Load testing is a testing process that aims to stress and load an application or system to understand its performance capabilities, determining how it will respond in a number of different scenarios.
Load testing is mostly known for use cases that involve testing a number of users on a website but it actually should include a number of other key parameters depending on what sort of system you are developing.
A few of the aims that testing should be to identify are
- The maximum number of users/devices an application can serve
- Autoscaling capabilities
- The appropriate sizing of fixed infrastructure (too large and too small)
- Response times
- SLA conformity
- and many more
High level load testing strategies
You have 4 main options when it comes to load testing.
- The first we will skim over is manual testing, this is only really appropriate in load testing when the number of entities that would cause the system to run at full load is very small.
- Open-source load testing tools, the open-source community is a great place to start when it comes to free to use tooling that can often be built to the standard acceptable for enterprise companies.
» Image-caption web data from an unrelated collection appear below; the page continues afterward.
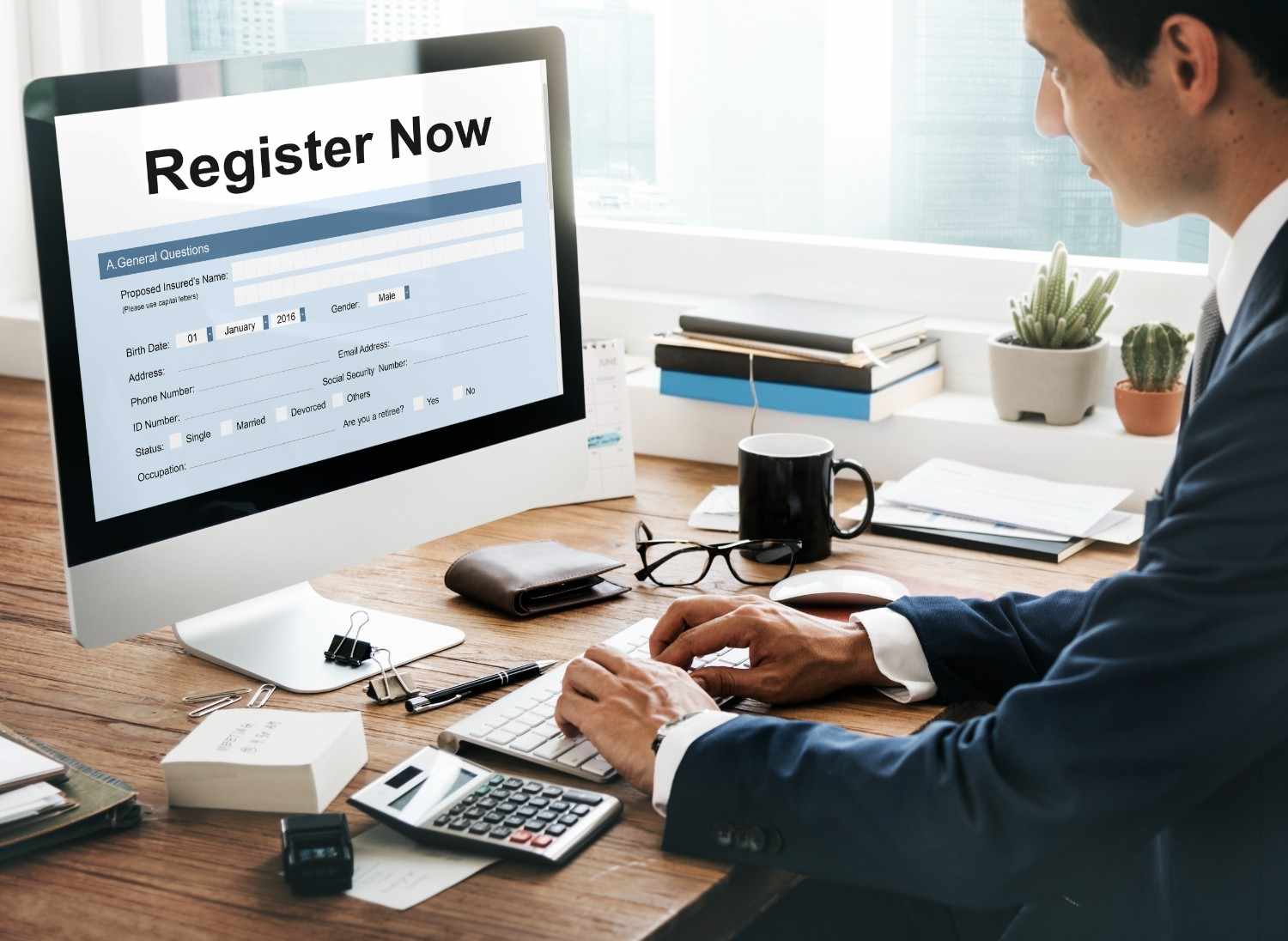 Business professional registering for FY 2026 H-1B visa process on computer, with registration form visible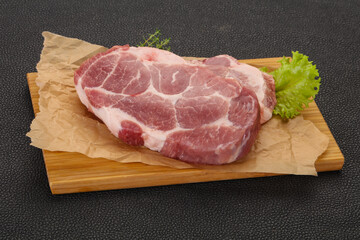 Raw pork steak over wooden board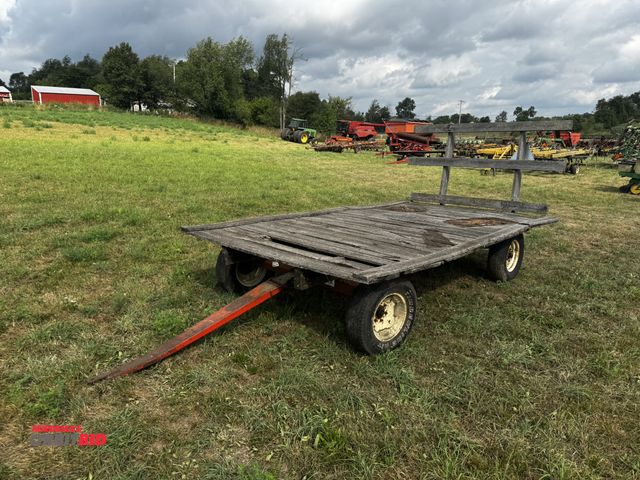Lot 1-19726 - (1) 14' long x 8' wide wood deck hay wagon with running gear, Kory Farm Equipment Division, model 66...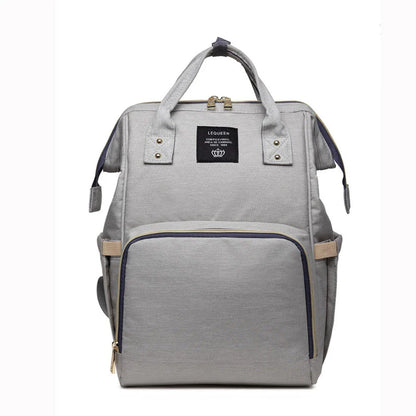Stylish maternity diaper bag in various colors, featuring a paper bag design, separate bottle compartment, and discreet breastfeeding button.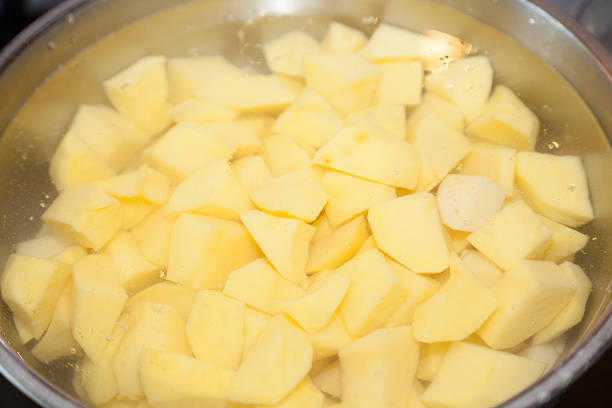 istock potatoes cut in pieces in water 482306846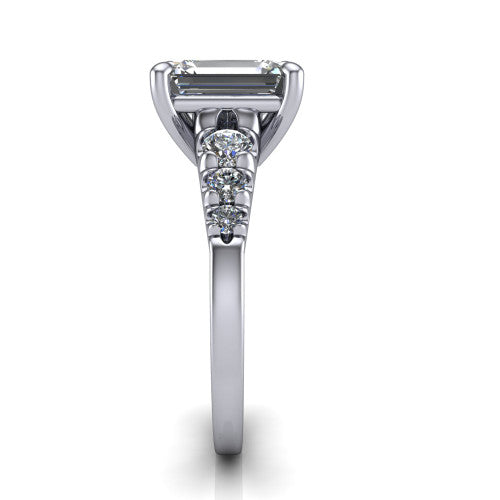 Millie emerald accent engagement ring in 18K White Gold with graduated round side stones, side profile showing the graduated side stones and plain band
These tools may not have the same ease of use wrapper around them and often you will have to host them on your own infrastructure (don’t forget that has a cost) but will cost you significantly less in time and effort than the next two.
- Paid Solutions, now often teams don’t want to have to host and manage the tools this is where other companies can come in and provide you a service.
- Self-made solutions, inhouse developed tools can give you the exact required toolset but this comes at a lot of developer expense. It is however often the only solution for very specific testing needs.
How to start load testing
Identify critical paths first, it is important that you know what you want to test first so you can work out what things could stress that system.
- Identify all of the endpoints that could impact the application including UI, Backend and any real-time endpoints.
- Categorize these into types of system, end user, system, device.
- Prioritize the severity of each path, you won’t get round to automating everything on day 1, make sure the critical systems work first.
Gather a baseline, you need to understand what system load will look like in a number of scenarios this will include things like normal load, max load and event specific spikes.
- Create a target benchmark for each of your scenarios
- Calculate the average rate of requests during peak hours or record it if you have
- If you are struggling to build the scenarios then a quick and easy idea is to double the expected load and monitor over time.
Create a test environment, this needs to be a safe space that will not impact any other used systems (Prod and development)
- Create a tool that will spin up a workspace
- The environment should have a number of loading modes (double, expected, low are a good starting point) don’t forget it’s important to check the system with low-no load to make sure the system will react and you won’t be wasting money on infrastructure that is not needed (especially in cloud environments)
- Tests should be simulating valid data (recorded playback if possible)
Load or stress test?
It is important that you understand the uses of load and stress testing.
- Load testing should be used to help in identifying bottlenecks or costing issues within the system by varying the load gradually and looking at how the system responds.
- Stress testing is more about revealing the points at which a system will collapse, capturing the services or functions that get overwhelmed or stop altogether.